What is needed is an exact repeat of the lines from the one holding "You wash your" through the final line of the data, with no pictures.

Stored data —
========================================

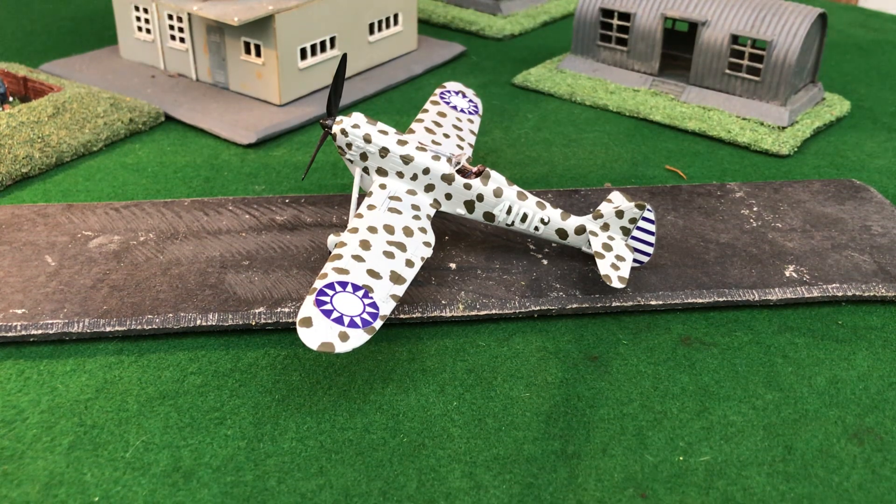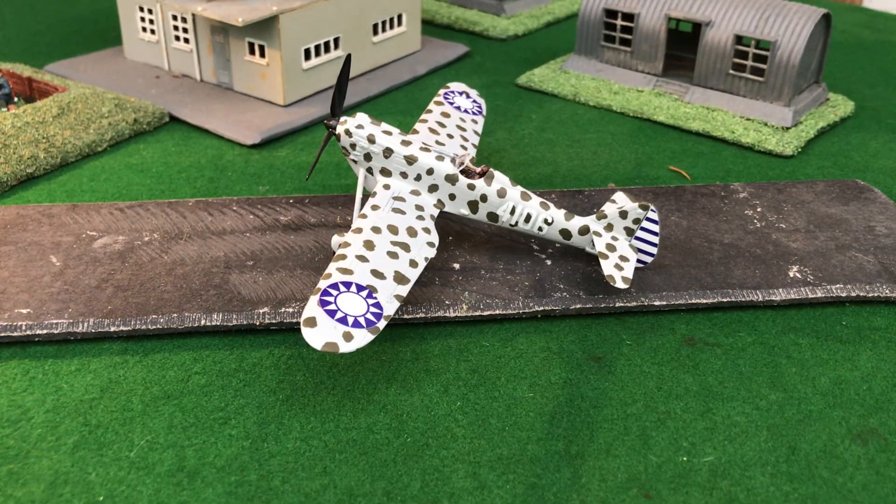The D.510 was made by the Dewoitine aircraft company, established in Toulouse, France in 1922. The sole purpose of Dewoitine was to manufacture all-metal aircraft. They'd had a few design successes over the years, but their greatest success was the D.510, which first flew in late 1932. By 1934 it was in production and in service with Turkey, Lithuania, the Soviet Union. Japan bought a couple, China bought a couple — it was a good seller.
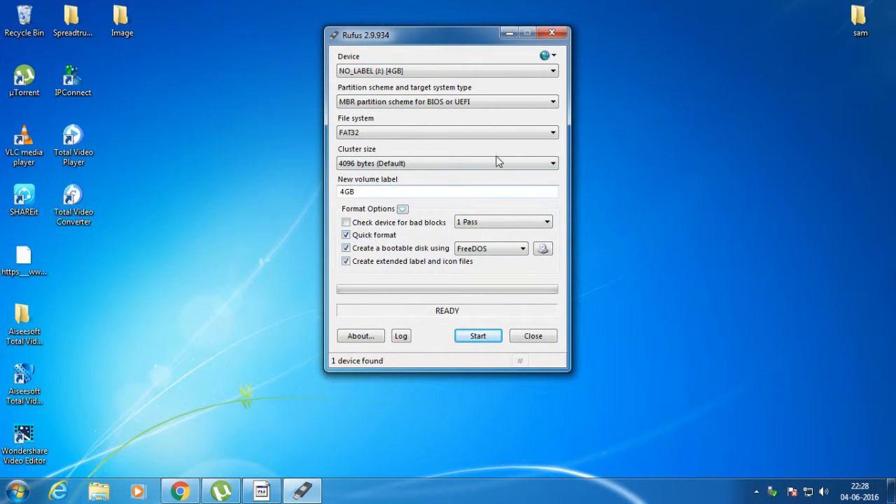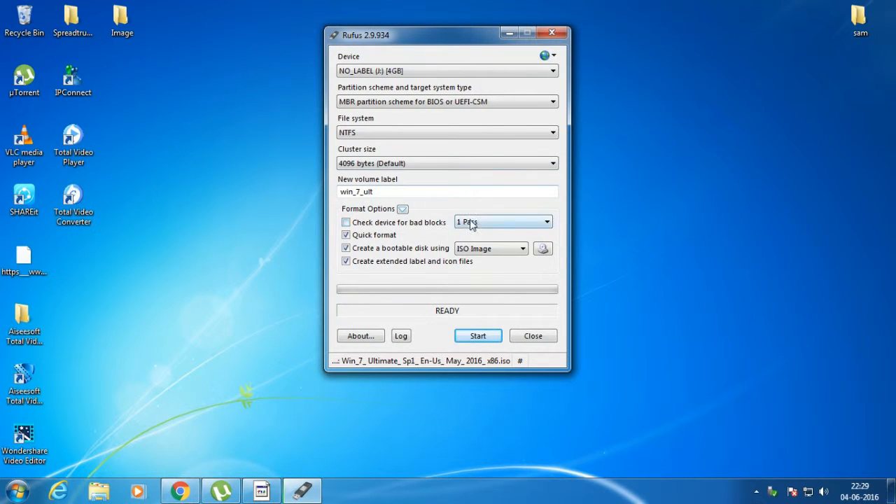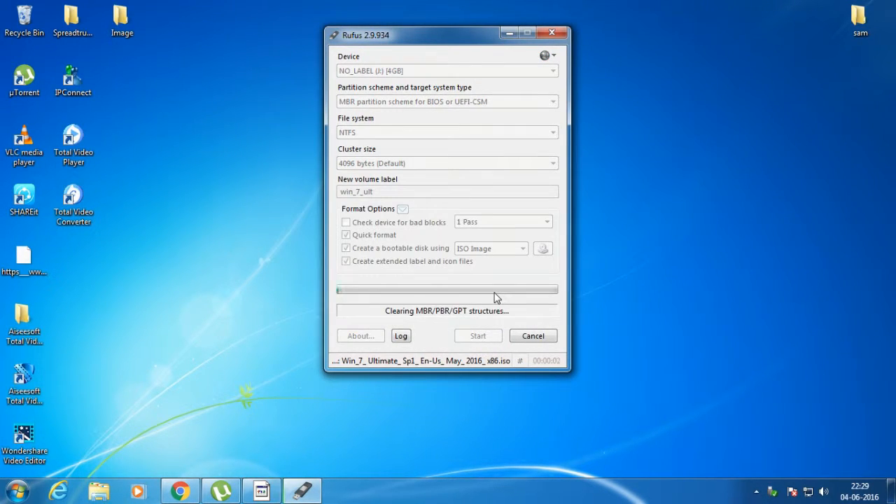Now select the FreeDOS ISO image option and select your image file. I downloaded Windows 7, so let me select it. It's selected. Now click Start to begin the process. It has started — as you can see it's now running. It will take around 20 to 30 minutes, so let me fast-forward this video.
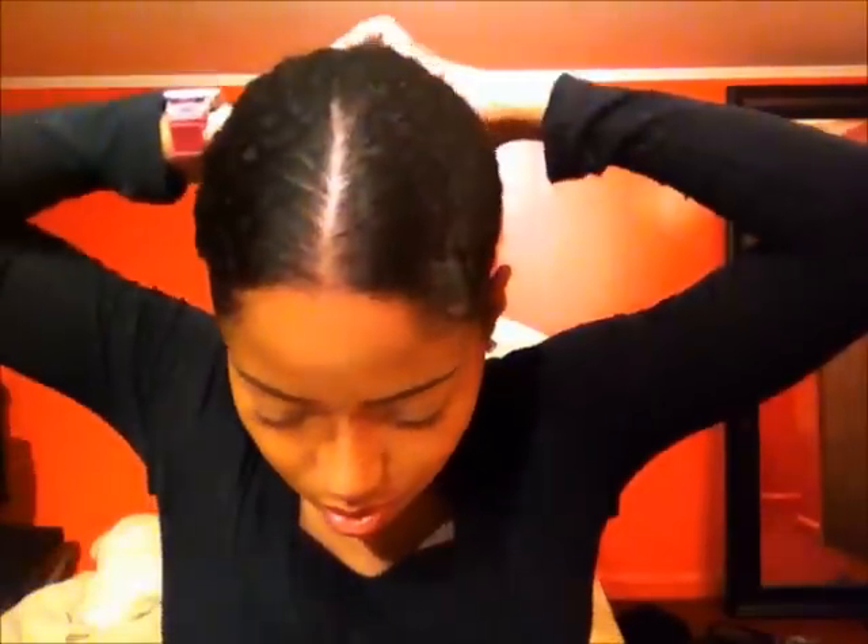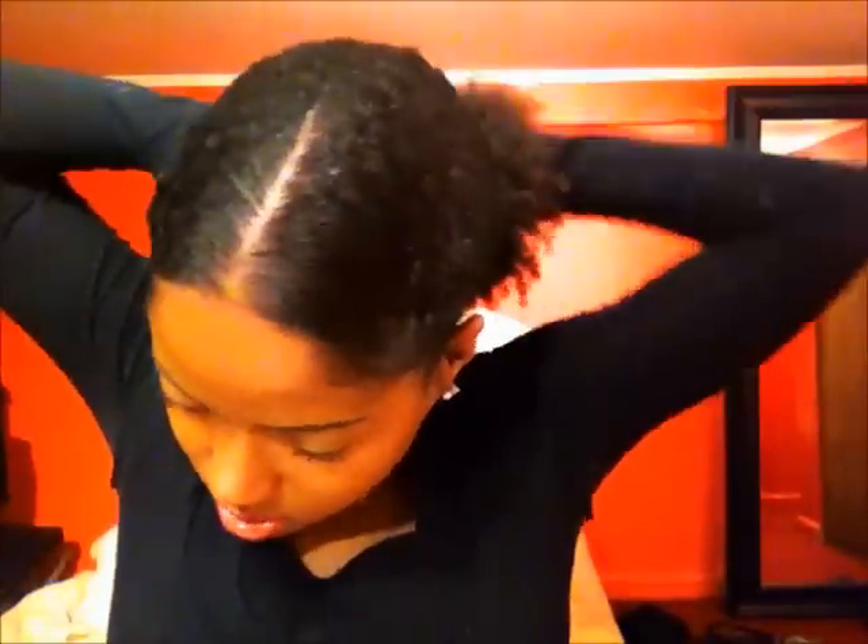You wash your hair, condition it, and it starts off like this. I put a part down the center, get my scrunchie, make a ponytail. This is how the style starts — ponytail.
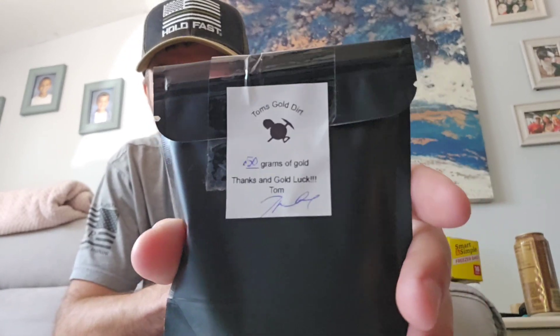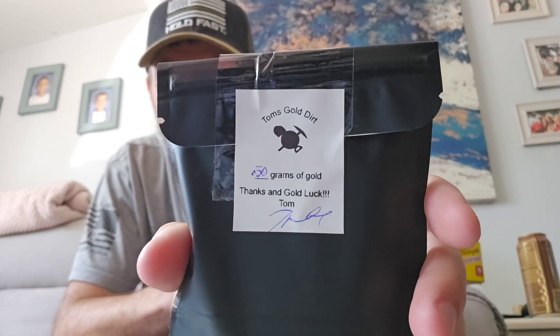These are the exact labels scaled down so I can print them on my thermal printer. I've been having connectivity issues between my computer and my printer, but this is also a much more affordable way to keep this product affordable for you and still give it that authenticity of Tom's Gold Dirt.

========================================

Response area —
You wash your hair, condition it, and it starts off like this. I put a part down the center, get my scrunchie, make a ponytail. This is how the style starts — ponytail.
These are the exact labels scaled down so I can print them on my thermal printer. I've been having connectivity issues between my computer and my printer, but this is also a much more affordable way to keep this product affordable for you and still give it that authenticity of Tom's Gold Dirt.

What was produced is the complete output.